O Ministério da Assistência e Reinserção Social está a modernizar os 15 lares da terceira idade existentes em todo o país. O ministro João Baptista Kussumua disse que as estruturas das províncias do Bié, Huambo e Kuando-Kubango estão, neste momento, a passar por um processo de modernização e apetrechamento, com vista a dar maior conforto aos idosos. Um conjunto de diplomas inerentes à protecção dos idosos está a ser produzido pelo Ministério.  “Esses instrumentos, que apresentam um conjunto de medidas e mecanismos, visam perfeitamente proteger, integrar e assistir. Penso que este documento não tardará a ser agendado pelo Executivo”, adiantou.  O ministro falou também das crianças de rua e disse que o número está a reduzir em Luanda. “Hoje não ultrapassa os duzentos”, disse, apontando a área da Praça da Independência, como o “epicentro” do problema.
Quanto ao resto do país, João Baptista Kussumua considera a situação “mais controlada”, pois segundo ele, as famílias no interior não passam por muitas dificuldades ao ponto de as crianças abandonarem o lar, contrariamente a Luanda. Segundo o ministro, graças ao Programa de Localização e Reunificação da Família, foi possível regressar às origens todas as crianças provenientes de várias localidades do país que deambulavam por Luanda.

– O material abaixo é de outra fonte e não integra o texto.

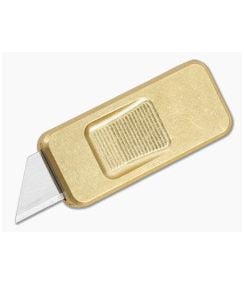 Rivery MFG Zero V2 Utility Knife Agent Newton Brass - RIV-ZV2-OTF-AN-BRASS 1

“À semelhança deste projecto, esteve igualmente em evidência o Programa Pió, Dá-me a Tua Mão, assumindo papel fundamental no processo de aconselhamento e direccionamento das crianças”, reforçou o ministro. João Baptista Kussumua garantiu ainda que está em curso um projecto conjunto entre o Ministério da Reinserção Social e os governos provinciais, para ampliar e reforçar todos os mecanismos de localização das famílias de todas as crianças de rua.

Acções de desminagem

Dados avançados por João Baptista Kussumua revelam que 4.327 quilómetros quadrados foram já desminados, o que vai facilitar a circulação pelas estradas e caminhos-de-ferro. O ministro elogiou o empenho das equipas técnicas, ressaltando que a extensão territorial livre de minas representa um “esforço muito grande”, uma vez que a desminagem é um processo de risco. “Não seria justo desqualificar os esforços das estruturas envolvidas nesse processo, até porque Angola é um país vasto e temos muito por fazer”, disse.